Plan de réponse a l'afflux de réfugiés en provenance du Nigéria dans la région de Maradi, Niger (Août 2019)

Report
from UN High Commissioner for Refugees
Published on 31 Aug 2019 View Original

I. CONTEXTE

Au début du mois de Mai 2019, des incidents sécuritaires survenus dans les états nigérians frontaliers avec le Niger ont conduit plusieurs ressortissants nigérians à franchir la frontière afin de trouver refuge dans les villages du département de Guidan-Roumji, dans la région de Maradi. Sur invitation des autorités administratives régionales du Ministère de l’Intérieur, de la Sécurité Publique, des Affaires Coutumières et Religieuses, une mission conjointe de la Direction Régionale de l’Etat Civil de la Migration et des Réfugiés de Maradi (DREC/M/R) ainsi que du bureau terrain de l’UNHCR de Tahoua, a été effectuée du 9 au 10 Mai 2019 dans la région de Maradi. Cette mission a eu pour objectif de rencontrer les demandeurs d’asile nigérians récemment arrivés dans ce département afin de comprendre les motifs de leur fuite et d’évaluer leurs conditions de vie.

Cette mission a permis de recueillir le profil des gens qui sont arrivés, leurs régions d’origine ainsi que les raisons de leur fuite. Depuis cette mission, des ressortissants nigérians ont continué à traverser la frontière nigérienne.

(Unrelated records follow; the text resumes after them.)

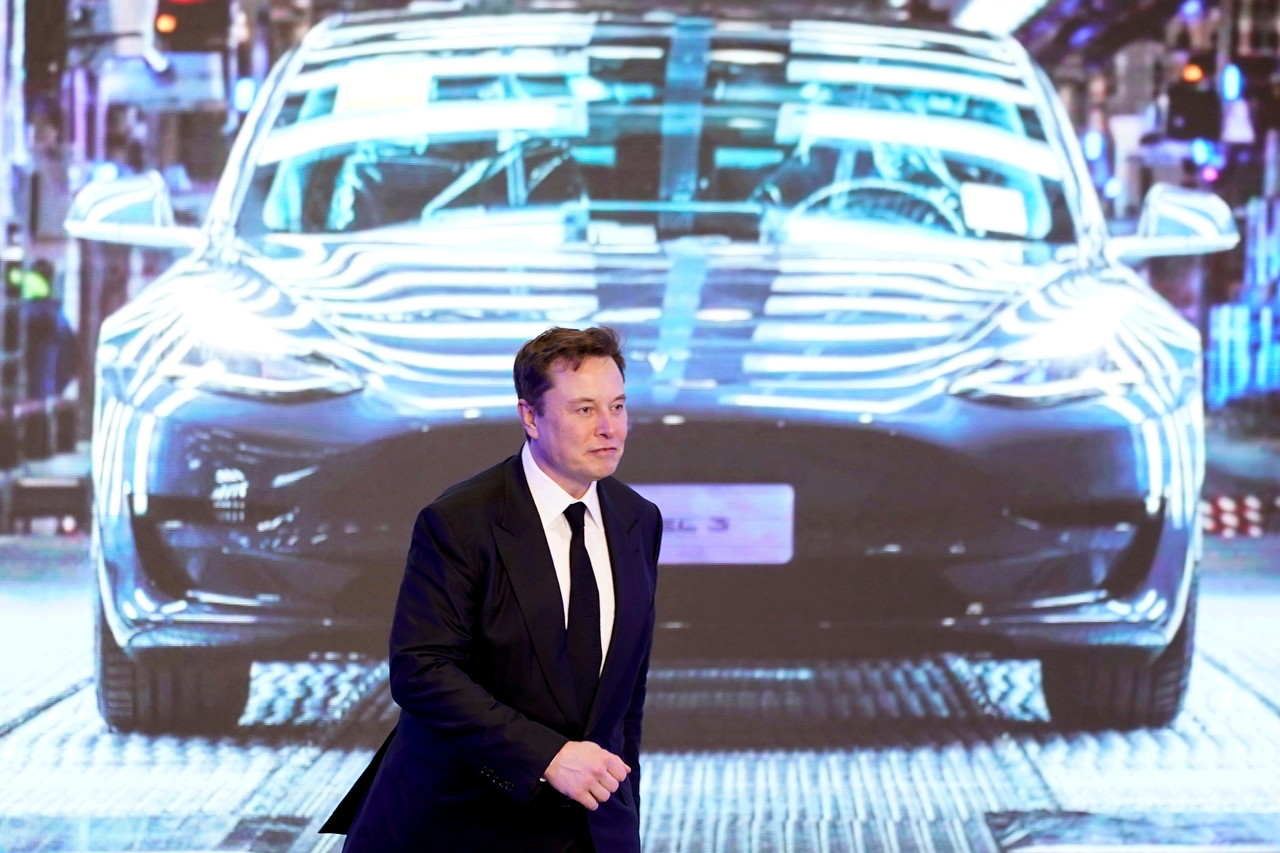 Elon Musk anda durante apresentação da Tesla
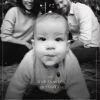 Meghan Markle, duchesse de Sussex, le prince Harry et leur fils Archie réunis au pied du sapin pour leur première carte de voeux en famille à l'occasion de Noël 2019.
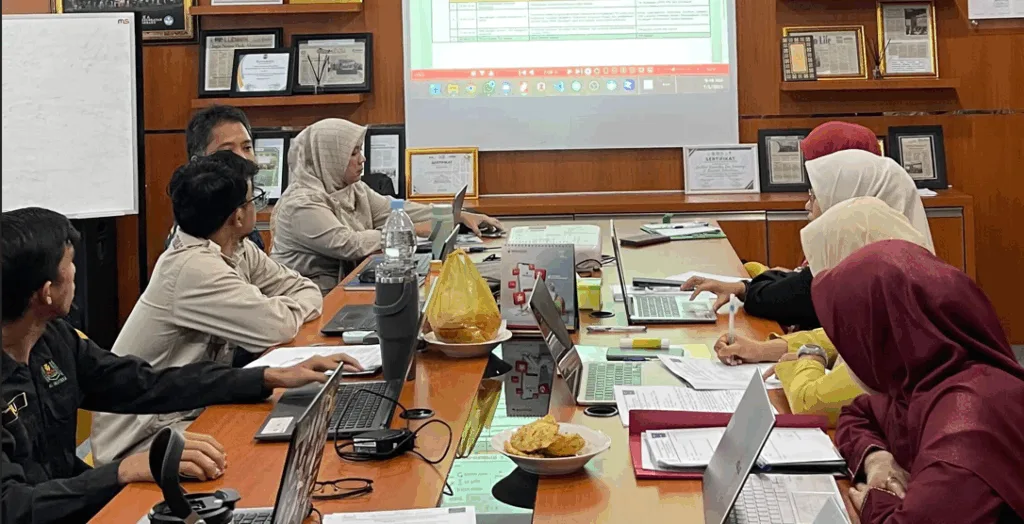 Sosialisasi Laporan Tracer Study 2023–2024 Program Studi Teknologi Rekayasa Elektromedis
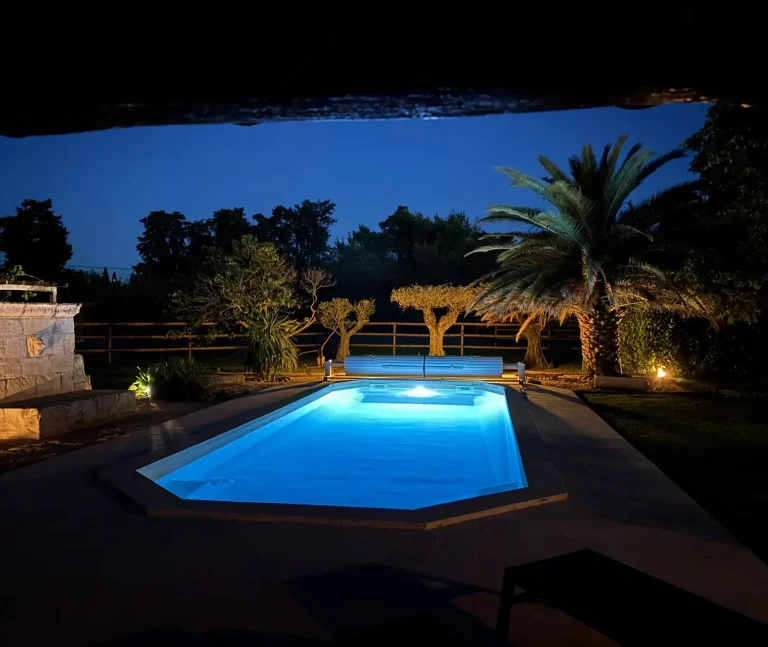 Piscine éclairée en Provence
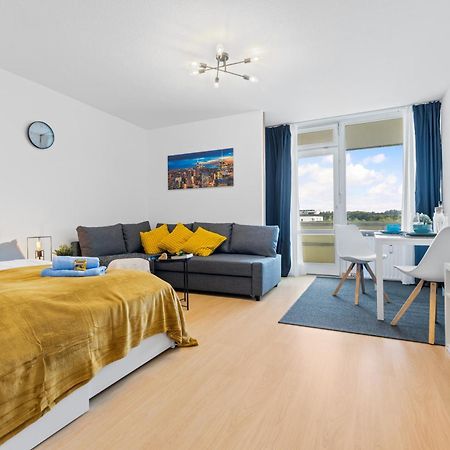 Sonniges City-Apartment Mit Suedbalkon Und Parklatz Neusass Eksteriør bilde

A la date du 31 mai 2019, lors de la phase de pré-enregistrement conduite conjointement par les autorités régionales de la DREC/M/R et les équipes du HCR, 16.871 Nigérians déjà arrivés dans le département de Guidan-Roumji, fuyant la criminalité dans leurs villages d’origine dans l’Etat de Sokoto ont été enregistrés. Au 31 juillet 2019, sur la base du pré-enregistrement à l’échelle des ménages conjointement mené par les autorités régionales de la DREC/M/R et les équipes du HCR, les nouveaux arrivés ont été estimés à 35 055 personnes répartis dans plus de 45 villages rattachés aux communes de Guidan-Roumdji, Guidan Sori et Tibiri dans la région de Maradi. Cette population refugiée, au regard de la tendance observée, pourra atteindre 50 000 personnes d’ici la fin de l’année 2019. Ainsi, le chiffre de planification retenu dans ce Plan est de 50,000 réfugiés.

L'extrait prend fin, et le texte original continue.